Human rights law is an essential component of any fair and just society. In Alberta, employers have a legal obligation to create a discrimination-free workplace that respects the rights and dignity of all employees. Understanding the intricacies of human rights law in Alberta is crucial for both employers and employees. In this comprehensive guide, we will explore the key aspects of human rights law and workplace discrimination in Alberta, including the legal framework, the complaint process, and the importance of legal representation in discrimination cases.
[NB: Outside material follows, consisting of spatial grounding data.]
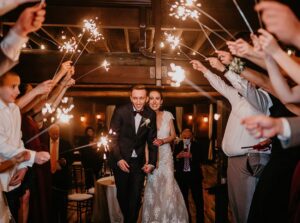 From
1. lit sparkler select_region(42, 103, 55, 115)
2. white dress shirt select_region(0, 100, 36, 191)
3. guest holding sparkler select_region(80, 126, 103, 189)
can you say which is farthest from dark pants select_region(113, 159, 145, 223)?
guest holding sparkler select_region(80, 126, 103, 189)

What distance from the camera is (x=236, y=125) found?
14.8ft

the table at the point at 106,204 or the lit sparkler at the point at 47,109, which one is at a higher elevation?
the lit sparkler at the point at 47,109

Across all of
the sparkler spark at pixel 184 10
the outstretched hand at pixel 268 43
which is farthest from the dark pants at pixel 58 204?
the outstretched hand at pixel 268 43

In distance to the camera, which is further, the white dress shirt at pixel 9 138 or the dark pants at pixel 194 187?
the dark pants at pixel 194 187

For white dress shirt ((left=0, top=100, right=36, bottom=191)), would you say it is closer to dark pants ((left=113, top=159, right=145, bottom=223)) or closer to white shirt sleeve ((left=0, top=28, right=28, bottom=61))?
white shirt sleeve ((left=0, top=28, right=28, bottom=61))

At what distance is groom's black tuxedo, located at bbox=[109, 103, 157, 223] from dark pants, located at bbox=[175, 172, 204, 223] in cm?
125

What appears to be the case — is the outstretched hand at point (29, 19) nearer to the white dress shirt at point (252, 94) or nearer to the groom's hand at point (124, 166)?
the white dress shirt at point (252, 94)

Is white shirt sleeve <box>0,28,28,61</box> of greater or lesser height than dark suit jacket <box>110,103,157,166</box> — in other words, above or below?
above

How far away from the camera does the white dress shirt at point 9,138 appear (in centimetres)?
355

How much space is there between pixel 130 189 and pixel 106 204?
146cm

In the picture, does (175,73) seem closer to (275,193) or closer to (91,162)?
(275,193)

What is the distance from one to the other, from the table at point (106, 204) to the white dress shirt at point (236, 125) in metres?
2.50

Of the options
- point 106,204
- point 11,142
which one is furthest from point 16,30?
point 106,204

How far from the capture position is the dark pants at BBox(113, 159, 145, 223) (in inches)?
191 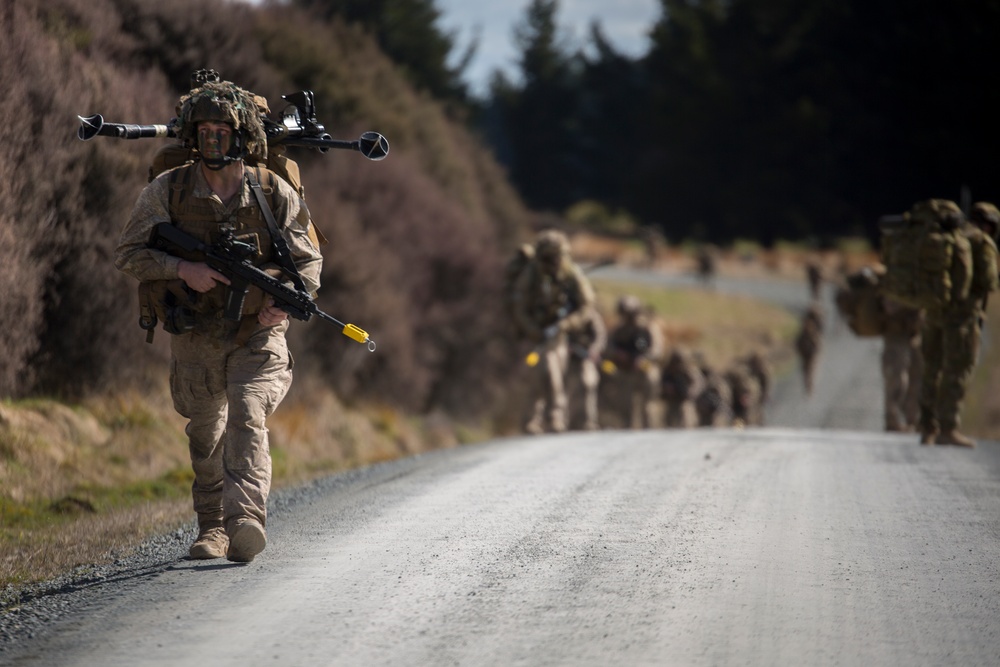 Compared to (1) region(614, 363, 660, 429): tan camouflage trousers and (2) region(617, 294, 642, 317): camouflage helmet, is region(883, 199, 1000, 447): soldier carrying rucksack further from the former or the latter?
(1) region(614, 363, 660, 429): tan camouflage trousers

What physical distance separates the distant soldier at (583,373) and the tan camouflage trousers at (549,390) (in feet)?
2.37

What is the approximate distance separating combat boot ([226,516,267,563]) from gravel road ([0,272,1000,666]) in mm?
107

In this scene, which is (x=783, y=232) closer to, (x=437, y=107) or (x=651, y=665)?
(x=437, y=107)

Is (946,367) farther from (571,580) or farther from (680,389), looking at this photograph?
(680,389)

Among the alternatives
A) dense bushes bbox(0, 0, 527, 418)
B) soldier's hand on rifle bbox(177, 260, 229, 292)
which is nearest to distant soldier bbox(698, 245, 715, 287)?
dense bushes bbox(0, 0, 527, 418)

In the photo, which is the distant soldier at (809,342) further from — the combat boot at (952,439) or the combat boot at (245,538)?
the combat boot at (245,538)

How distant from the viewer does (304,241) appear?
716 cm

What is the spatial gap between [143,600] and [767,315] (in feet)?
125

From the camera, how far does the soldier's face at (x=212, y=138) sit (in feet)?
22.3

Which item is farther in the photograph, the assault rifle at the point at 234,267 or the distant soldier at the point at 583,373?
the distant soldier at the point at 583,373

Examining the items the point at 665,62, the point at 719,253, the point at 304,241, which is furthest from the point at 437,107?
the point at 665,62

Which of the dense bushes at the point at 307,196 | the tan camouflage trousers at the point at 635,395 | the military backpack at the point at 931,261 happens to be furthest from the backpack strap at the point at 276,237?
the tan camouflage trousers at the point at 635,395

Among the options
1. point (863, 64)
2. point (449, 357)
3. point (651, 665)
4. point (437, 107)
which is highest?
point (863, 64)

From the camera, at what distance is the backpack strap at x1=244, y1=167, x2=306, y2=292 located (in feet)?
22.8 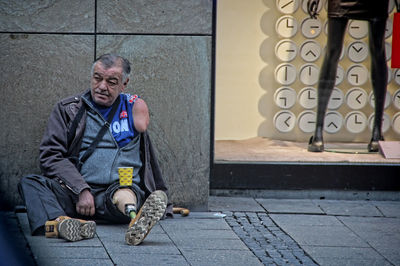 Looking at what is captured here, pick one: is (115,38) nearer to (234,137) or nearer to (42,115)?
(42,115)

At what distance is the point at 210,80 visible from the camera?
16.5 ft

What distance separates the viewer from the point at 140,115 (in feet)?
15.2

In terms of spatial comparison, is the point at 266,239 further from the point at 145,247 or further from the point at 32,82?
the point at 32,82

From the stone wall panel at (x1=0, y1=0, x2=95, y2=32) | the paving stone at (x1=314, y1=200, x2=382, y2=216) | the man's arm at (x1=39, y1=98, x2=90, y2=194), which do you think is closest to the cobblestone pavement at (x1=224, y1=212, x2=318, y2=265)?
the paving stone at (x1=314, y1=200, x2=382, y2=216)

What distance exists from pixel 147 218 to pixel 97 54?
1.61 metres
This guide is primarily directed at non-lawyers, and is intended for legal information purposes only.  It should not be considered legal advice.  The law is complicated, and anyone with a legal issue should consult with a lawyer directly.  Lawyers looking for guidance should consult other research sources, which could include our employment law blog.

Introduction to Human Rights Law in Alberta

Human rights law in Alberta is governed by the Alberta Human Rights Act. This legislation provides protection against discrimination based on various grounds, including race, gender, age, sexual orientation, religion, disability, and pregnancy, among others. The Act aims to foster a diverse and inclusive society by ensuring equal opportunities for all individuals in employment, services, and housing.

Workplace discrimination can take many forms, such as dismissal, unfair treatment, harassment, or denial of employment opportunities based on one’s protected characteristics. Understanding what constitutes workplace discrimination is crucial for both employers and employees to foster a respectful and inclusive work environment.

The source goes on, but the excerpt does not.